For those of us with intense anxiety, we often recognize this and are very aware of it. You know your anxiety holds you back. It stops you from:
- applying to new jobs
- asking someone on a date
- speaking up during meetings
- staying on top of your bills and finances
- being outgoing and friendly
- starting your dream business
- public speaking
- sticking to your goals, your dreams, etc.
How severely these things affect you depends on how much of an introvert you are, how bad your anxiety is, and what types of things cause you anxiety.
To actually make progress, you have to realize that it’s okay to be afraid. Something that causes you anxiety now, might always cause you anxiety. It’s the severity of the anxiety that you hope to change. You do this by taking action and doing things that are anxiety provoking, but doing them anyway, by facing the fear and bearing through it.
If you’re fearful, that’s normal and just part of who you are. It’s not something to be fought or to expect that it will ever be completely eliminated.
There are paths of least resistance
Sometimes our anxiety has reached a point where it’s not plausible to face the fear. This is generally when there’s an activity that is overwhelmingly fearful for you, and there’s no way you would subject yourself to it.
This is often the case with things like public speaking. For some, public speaking causes their heart to race, adrenaline to pump, voice to shake, legs to tremble, and other noticeable physical symptoms. These types of experiences are obviously embarrassing, but also bad for our anxiety.
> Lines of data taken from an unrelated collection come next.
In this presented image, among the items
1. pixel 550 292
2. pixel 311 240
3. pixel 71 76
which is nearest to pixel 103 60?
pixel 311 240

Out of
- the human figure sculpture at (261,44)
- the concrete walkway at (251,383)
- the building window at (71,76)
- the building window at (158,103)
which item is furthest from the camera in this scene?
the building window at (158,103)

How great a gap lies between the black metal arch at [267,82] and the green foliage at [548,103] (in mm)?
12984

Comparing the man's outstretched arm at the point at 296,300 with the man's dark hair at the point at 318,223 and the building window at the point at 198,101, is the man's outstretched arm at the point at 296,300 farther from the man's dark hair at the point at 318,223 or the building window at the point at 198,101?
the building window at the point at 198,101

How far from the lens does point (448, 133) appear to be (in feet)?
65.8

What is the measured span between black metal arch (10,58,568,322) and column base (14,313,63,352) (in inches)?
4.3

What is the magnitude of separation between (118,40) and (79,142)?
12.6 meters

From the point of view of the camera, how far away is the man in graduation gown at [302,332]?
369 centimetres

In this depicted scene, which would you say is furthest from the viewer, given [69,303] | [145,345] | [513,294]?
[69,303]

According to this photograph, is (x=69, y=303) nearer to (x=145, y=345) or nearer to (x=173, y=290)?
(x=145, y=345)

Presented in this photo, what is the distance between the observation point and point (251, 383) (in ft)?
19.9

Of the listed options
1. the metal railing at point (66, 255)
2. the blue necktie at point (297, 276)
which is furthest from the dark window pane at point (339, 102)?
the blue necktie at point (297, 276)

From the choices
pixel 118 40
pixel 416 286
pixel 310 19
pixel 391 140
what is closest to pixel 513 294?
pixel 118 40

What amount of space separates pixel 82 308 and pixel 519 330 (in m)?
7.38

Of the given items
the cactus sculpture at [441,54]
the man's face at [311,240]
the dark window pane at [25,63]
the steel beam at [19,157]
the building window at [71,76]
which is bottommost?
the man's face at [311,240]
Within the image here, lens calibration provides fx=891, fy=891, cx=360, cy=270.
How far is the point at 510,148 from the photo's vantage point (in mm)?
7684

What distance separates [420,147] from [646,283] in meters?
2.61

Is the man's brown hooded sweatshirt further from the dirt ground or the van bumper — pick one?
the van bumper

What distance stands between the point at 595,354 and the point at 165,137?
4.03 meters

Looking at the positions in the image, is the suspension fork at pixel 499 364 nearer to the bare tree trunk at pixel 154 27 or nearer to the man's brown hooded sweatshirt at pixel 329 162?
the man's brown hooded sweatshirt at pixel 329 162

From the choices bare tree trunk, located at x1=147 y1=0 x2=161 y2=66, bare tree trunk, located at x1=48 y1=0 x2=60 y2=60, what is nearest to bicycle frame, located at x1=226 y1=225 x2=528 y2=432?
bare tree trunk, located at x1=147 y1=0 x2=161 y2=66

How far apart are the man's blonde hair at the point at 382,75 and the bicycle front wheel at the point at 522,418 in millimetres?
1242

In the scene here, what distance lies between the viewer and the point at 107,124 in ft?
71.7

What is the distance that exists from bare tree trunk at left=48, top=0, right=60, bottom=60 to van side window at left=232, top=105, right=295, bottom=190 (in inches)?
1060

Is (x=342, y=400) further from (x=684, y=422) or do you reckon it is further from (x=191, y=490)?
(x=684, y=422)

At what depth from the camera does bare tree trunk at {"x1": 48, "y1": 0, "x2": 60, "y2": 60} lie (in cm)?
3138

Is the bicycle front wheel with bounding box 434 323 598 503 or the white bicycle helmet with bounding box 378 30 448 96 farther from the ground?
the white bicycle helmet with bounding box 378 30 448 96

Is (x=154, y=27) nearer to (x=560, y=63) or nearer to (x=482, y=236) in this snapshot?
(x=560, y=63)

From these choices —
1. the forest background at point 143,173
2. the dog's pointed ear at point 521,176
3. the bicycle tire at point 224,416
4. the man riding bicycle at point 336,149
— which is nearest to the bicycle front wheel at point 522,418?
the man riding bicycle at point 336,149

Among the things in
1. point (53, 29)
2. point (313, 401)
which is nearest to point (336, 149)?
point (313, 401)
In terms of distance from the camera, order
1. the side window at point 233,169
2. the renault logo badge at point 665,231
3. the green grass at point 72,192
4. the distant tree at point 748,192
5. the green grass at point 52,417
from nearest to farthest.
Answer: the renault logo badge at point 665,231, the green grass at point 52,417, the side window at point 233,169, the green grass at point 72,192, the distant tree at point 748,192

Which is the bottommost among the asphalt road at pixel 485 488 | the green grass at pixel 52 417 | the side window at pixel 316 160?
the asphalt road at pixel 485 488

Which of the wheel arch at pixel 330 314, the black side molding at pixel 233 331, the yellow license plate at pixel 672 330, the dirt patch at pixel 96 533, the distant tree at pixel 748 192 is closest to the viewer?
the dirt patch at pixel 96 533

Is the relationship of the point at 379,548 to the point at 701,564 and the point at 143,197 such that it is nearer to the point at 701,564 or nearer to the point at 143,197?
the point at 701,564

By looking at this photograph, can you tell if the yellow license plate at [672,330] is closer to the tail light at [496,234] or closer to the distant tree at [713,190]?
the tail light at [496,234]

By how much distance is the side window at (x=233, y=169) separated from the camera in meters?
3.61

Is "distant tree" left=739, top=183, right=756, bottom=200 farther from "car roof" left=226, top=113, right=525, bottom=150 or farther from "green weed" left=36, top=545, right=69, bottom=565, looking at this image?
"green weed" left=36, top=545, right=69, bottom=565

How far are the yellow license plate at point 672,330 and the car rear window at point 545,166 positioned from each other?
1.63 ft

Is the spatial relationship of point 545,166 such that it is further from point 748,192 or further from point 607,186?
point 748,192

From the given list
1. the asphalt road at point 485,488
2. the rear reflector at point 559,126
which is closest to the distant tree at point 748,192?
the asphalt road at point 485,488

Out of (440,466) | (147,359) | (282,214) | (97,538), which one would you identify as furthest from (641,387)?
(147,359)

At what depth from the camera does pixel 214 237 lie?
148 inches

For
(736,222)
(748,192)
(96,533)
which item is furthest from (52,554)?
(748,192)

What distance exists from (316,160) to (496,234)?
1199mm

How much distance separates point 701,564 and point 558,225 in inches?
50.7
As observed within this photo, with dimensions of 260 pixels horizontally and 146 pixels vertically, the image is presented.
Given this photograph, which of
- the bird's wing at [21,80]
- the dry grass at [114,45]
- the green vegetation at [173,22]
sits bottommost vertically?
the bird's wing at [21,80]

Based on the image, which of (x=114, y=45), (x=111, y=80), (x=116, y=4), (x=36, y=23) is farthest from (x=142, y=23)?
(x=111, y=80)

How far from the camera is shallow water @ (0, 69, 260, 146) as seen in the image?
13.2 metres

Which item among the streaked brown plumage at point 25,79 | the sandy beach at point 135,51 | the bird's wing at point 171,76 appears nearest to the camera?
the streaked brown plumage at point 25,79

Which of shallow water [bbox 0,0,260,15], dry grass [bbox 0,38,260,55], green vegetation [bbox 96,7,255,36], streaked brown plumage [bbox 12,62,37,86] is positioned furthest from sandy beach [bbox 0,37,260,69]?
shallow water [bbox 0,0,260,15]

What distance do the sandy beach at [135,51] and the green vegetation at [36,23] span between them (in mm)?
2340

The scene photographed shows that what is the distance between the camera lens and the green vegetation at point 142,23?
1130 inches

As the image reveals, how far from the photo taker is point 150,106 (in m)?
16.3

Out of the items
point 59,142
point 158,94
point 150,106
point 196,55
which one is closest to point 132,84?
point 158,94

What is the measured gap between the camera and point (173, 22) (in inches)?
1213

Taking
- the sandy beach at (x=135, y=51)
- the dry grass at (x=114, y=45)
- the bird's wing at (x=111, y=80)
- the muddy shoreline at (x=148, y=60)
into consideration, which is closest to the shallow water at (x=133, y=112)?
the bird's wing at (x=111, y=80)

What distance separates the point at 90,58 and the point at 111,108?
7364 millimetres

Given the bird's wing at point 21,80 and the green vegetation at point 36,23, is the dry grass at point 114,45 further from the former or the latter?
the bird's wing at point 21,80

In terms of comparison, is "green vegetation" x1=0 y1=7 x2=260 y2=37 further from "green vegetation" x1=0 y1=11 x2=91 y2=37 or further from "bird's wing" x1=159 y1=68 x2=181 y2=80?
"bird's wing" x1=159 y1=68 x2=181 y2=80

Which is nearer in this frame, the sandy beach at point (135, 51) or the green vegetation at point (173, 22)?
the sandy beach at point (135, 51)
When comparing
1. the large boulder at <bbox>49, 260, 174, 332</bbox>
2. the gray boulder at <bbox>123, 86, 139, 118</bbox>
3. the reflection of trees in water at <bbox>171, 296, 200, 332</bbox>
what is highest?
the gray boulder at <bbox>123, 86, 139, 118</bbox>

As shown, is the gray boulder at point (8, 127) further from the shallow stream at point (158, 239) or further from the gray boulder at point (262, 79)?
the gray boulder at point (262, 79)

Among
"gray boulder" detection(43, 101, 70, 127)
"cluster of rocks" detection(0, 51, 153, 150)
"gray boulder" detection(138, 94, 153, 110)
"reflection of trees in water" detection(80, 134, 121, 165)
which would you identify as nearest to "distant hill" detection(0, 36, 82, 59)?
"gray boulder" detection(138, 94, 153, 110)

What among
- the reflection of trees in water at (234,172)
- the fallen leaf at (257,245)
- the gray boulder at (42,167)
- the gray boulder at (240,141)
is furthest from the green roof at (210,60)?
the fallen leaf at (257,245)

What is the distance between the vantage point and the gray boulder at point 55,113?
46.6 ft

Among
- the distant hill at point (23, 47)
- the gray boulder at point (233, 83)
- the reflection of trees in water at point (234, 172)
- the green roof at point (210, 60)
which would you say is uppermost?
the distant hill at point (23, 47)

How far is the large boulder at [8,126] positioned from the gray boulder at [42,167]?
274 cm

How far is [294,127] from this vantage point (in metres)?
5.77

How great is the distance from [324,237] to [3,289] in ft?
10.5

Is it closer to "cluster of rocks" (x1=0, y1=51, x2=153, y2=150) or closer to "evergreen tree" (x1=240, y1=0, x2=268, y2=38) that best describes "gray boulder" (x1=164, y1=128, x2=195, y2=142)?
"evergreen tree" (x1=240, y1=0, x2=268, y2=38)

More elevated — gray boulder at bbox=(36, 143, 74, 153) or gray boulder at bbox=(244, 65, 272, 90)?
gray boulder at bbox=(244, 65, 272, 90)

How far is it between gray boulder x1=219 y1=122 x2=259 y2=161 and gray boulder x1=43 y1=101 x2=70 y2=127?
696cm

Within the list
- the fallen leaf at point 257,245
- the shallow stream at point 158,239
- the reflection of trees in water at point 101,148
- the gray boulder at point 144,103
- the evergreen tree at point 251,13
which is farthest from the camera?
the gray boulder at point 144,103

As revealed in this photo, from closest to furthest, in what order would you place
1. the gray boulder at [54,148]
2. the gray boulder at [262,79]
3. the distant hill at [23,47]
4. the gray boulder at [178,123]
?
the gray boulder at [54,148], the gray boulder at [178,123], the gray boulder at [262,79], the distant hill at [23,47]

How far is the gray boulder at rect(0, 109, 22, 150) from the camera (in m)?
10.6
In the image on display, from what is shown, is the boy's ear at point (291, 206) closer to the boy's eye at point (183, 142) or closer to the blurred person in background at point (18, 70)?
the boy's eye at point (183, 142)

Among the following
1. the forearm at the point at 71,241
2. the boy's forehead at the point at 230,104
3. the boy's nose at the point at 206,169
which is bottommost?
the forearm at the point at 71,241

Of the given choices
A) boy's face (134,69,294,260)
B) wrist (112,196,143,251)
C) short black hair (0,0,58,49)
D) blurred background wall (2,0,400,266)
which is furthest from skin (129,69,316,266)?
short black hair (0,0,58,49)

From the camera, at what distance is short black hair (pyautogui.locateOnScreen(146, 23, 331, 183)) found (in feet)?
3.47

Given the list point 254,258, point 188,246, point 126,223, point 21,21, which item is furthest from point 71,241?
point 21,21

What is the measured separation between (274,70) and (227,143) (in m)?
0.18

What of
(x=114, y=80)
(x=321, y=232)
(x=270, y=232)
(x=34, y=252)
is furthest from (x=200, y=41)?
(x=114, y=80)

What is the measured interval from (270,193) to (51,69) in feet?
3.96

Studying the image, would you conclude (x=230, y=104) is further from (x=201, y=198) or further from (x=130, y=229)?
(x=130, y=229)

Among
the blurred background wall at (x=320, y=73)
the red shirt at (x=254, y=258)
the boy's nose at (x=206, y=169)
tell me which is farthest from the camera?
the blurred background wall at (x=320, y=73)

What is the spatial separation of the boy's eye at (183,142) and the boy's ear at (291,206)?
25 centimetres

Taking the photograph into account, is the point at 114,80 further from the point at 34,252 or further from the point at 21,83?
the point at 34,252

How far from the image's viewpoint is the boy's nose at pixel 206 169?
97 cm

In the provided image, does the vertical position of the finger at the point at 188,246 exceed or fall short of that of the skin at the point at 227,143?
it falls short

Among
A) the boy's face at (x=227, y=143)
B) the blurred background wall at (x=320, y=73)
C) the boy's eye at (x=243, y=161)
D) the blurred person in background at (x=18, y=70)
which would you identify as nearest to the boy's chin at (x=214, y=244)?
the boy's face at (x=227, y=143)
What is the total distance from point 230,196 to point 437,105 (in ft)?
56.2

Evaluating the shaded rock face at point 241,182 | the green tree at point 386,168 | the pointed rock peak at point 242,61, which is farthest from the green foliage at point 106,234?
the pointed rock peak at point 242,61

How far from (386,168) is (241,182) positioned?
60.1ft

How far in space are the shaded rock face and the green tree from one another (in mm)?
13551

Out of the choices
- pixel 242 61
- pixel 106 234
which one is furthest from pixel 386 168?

They perpetuate the problem and stop us from making progress.
To overcome this, there’s a medication called propranolol. You can take this before you do something that causes anxiety, or you can take propranolol on a regular basis, so that its effects are always in-action in the body.
Proranolol is a beta-blocker. It slows your heart rate , lowers your blood pressure, and reduces the effects of adrenaline. Your body releases adrenaline in times of stress and emergency, which those with anxiety experience more often than others. Propranolol and other beta-blockers are a powerful way to combat the physical symptoms of anxiety.
Talk with your doctor about using propranolol as an anti-anxiety option. It’s a great medication for when you need to control your physical symptoms so that you can gain the confidence to do things that cause you anxiety.
Continue to strive for progress
Something that I’ve found is common for those who struggle with anxiety, is overthinking. We tend to be very rapid thinkers and to combat this, you have to keep yourself busy.
Part of continuously striving for progress is to just stay active. Keep yourself actively engaged. Whatever it may be, as long as you’re staying busy and trying new things, you should start to feel better on a day-to-day basis.
Anxiety doesn’t get easier right away. It’s often more difficult before it’s any easier. Sometimes you have to trudge through uncharted territory, to teach yourself that there are other ways of thinking besides what you’re used to. It’s these experiences that help you discover yourself and make the most progress.